Un rapport publié hier par la Plateforme intergouvernementale sur la biodiversité et les services ecosystémiques (IPBES) met en garde contre une extinction de masse en cours. C’est la première depuis 65 millions d’années. À cette époque éloignée, cette extinction avait fait disparaître les dinosaures, ce qui permit le développement des mammifères qui ont pris la place des reptiles au sommet de la pyramide alimentaire sur les continents. Mais à la différence de sa précédente, cette extinction massive n’est pas due à un astéroïde ou à des éruptions volcaniques hors-norme, mais elle est due aux activités d’une espèce du règne animal, l’être humain.

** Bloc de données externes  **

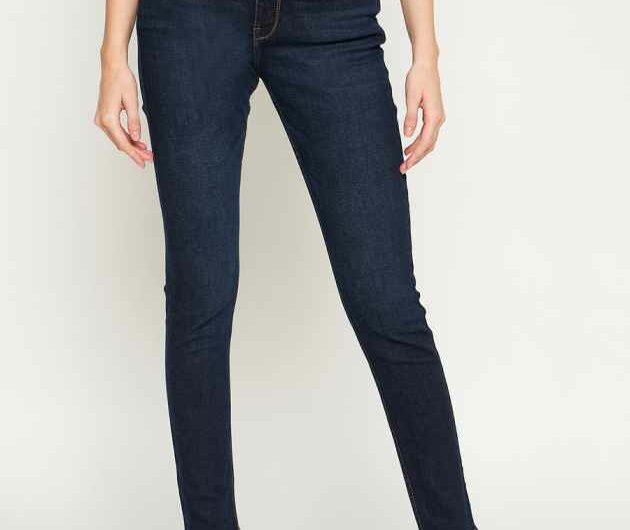 Some Elegant Ways to Style Denim Jeans for Women Online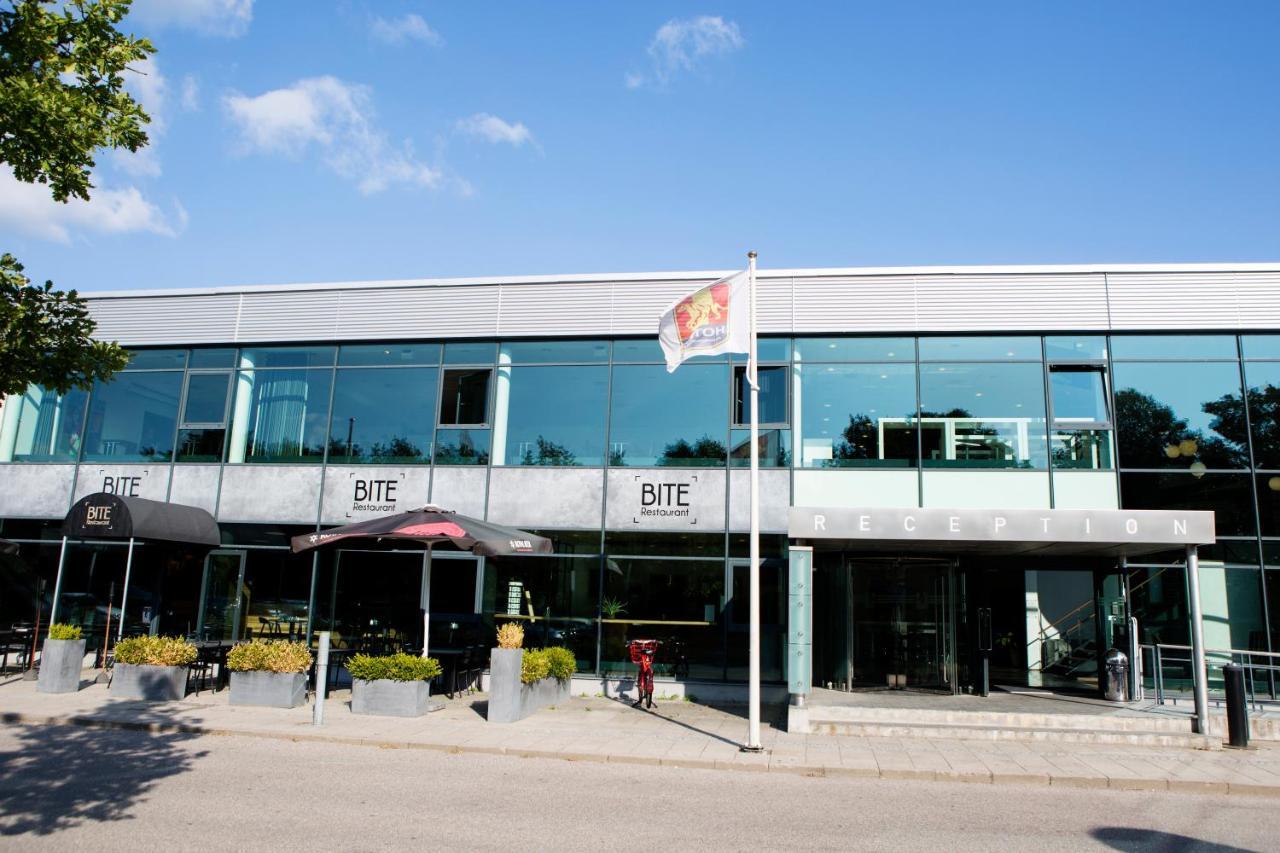 Hotel Fc Nordsjaelland Farum Exterior photo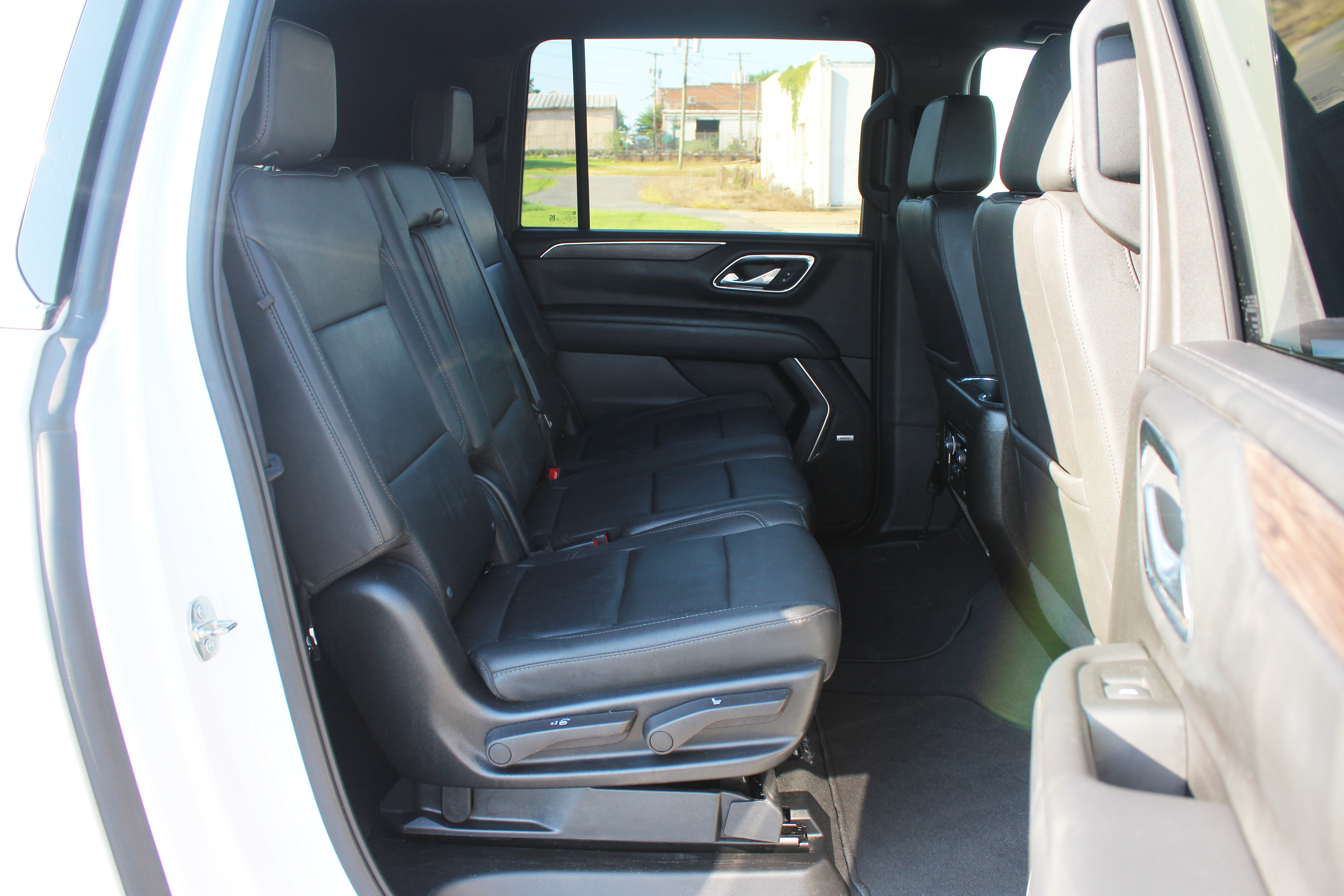 2023 Chevrolet Suburban LT - Photo 16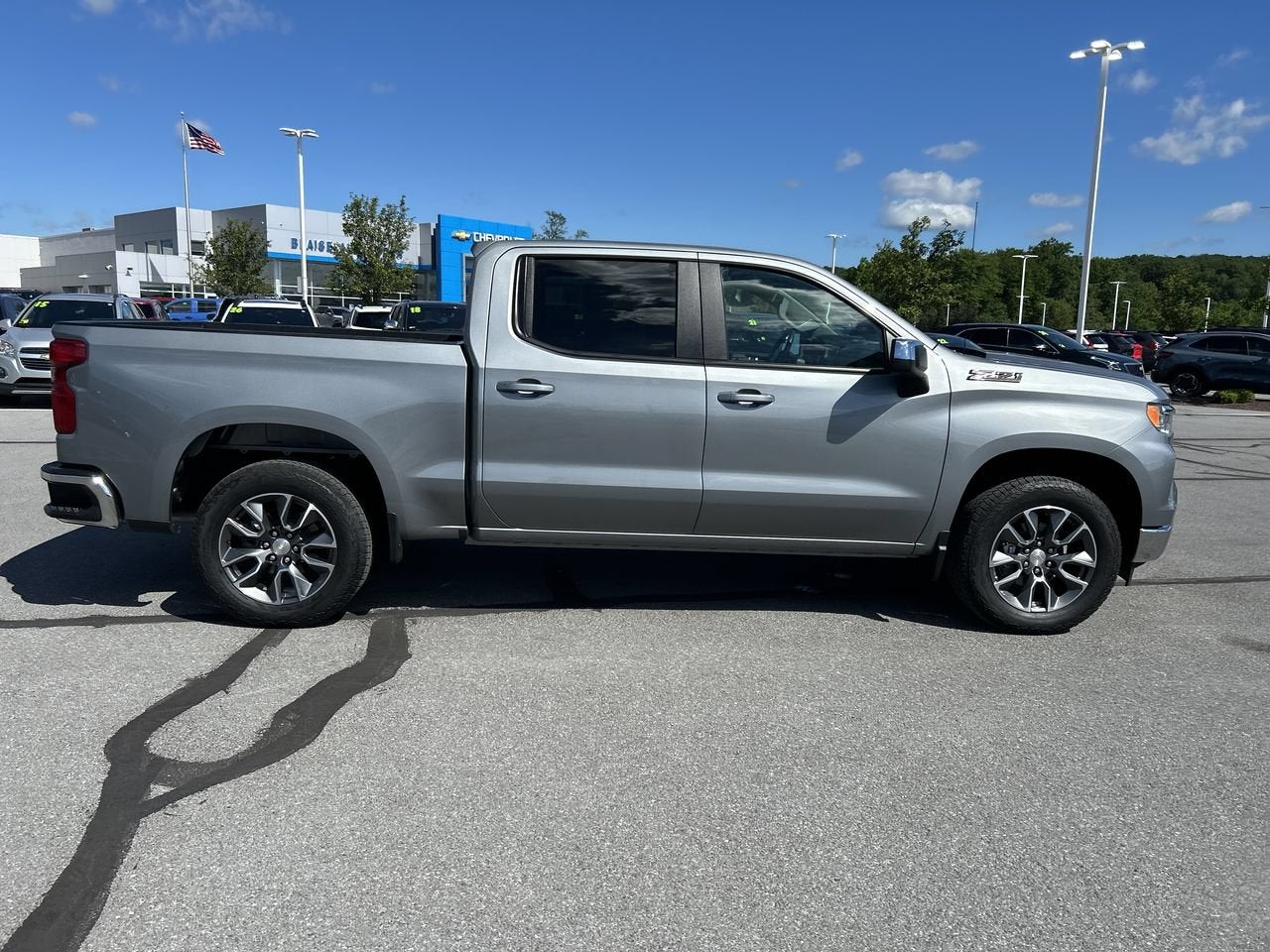 2023 Chevrolet Silverado 1500 LT
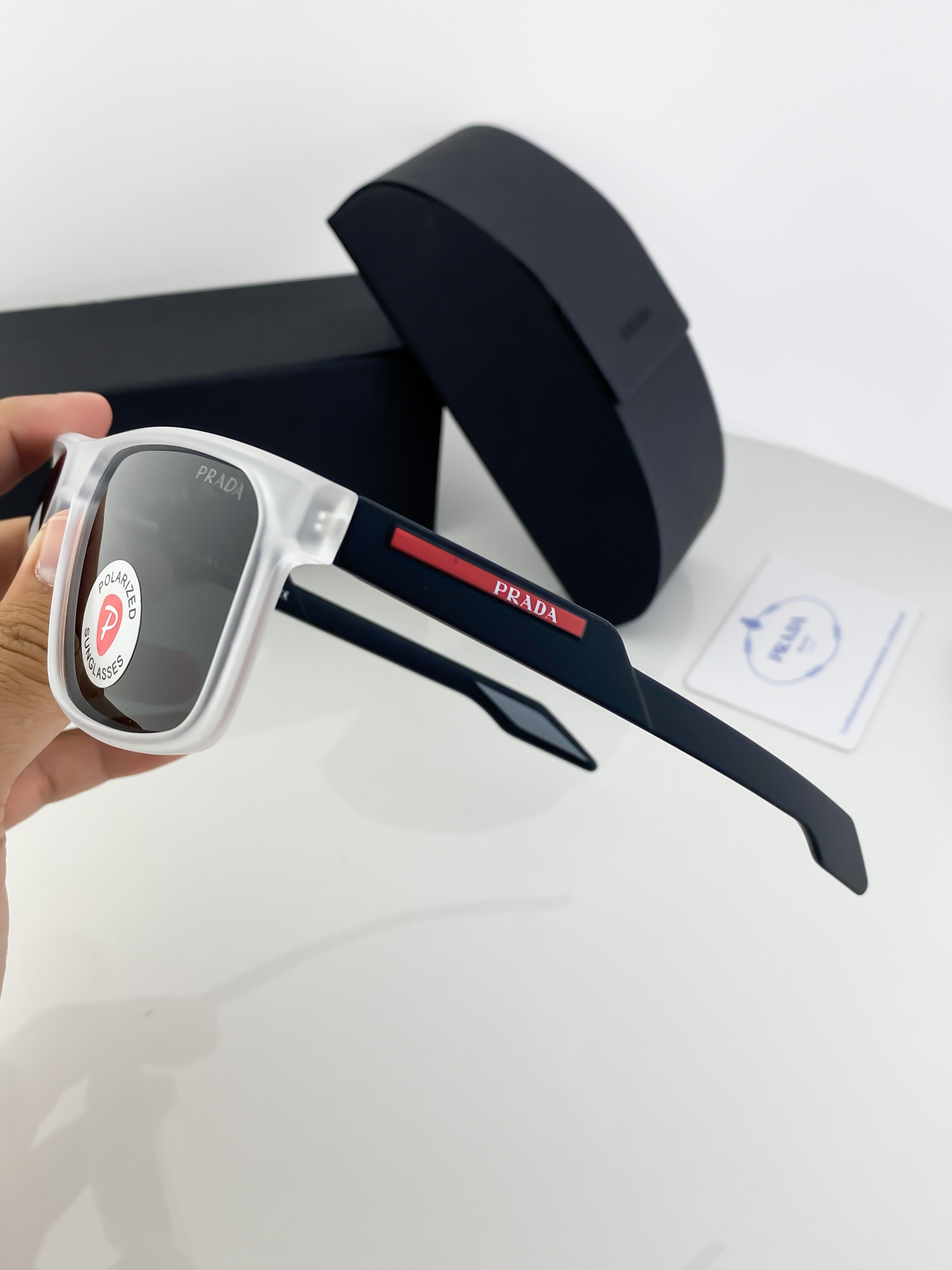 PRA WHITE BLACK 2438 B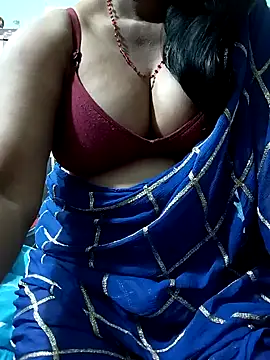 Snapshot of Savita_bhabhii chatting on 02-02-25, 10:13 Savita bhabhii online show from 02-02-25, 10:13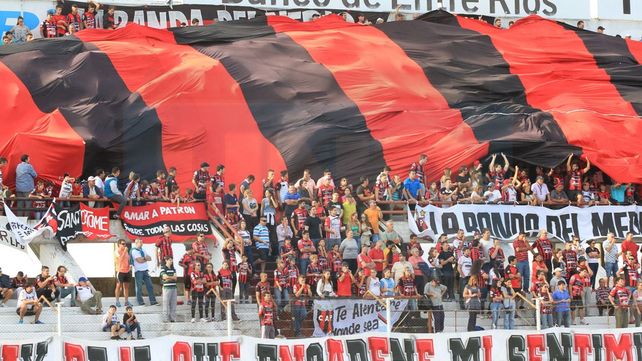 Tribuna recuperada. Desde la Policía se dijo que a Grella volverán a ingresar las familias. Tribuna recuperada. Desde la Policía se dijo que a Grella volverán a ingresar las familias.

Ce rapport indique notamment que si rien ne change, il n’y aura plus de poissons à pêcher en 2050 en Asie-Pacifique, et 90 % des coraux seront morts. En Afrique, la moitié des oiseaux et des mammifères auront disparus d’ici 2100. Le rhinocéros blanc est un symbole de cette tragédie, le dernier mâle vient de mourir et il ne reste que deux femelles. Ceci rappelle que chaque année, deux espèces ont disparu chaque année.

Cet effondrement de la biodiversité menace l’espèce dominante. Comment pourra-t-elle survivre sans rien autour d’elle ? Ceci souligne une fois de plus l’urgence de remettre en cause le capitalisme responsable du changement climatique et de la sixième extinction de masse. Il importe d’agir avant que le catastrophe ait franchi le seuil de l’irréversible.

J.B.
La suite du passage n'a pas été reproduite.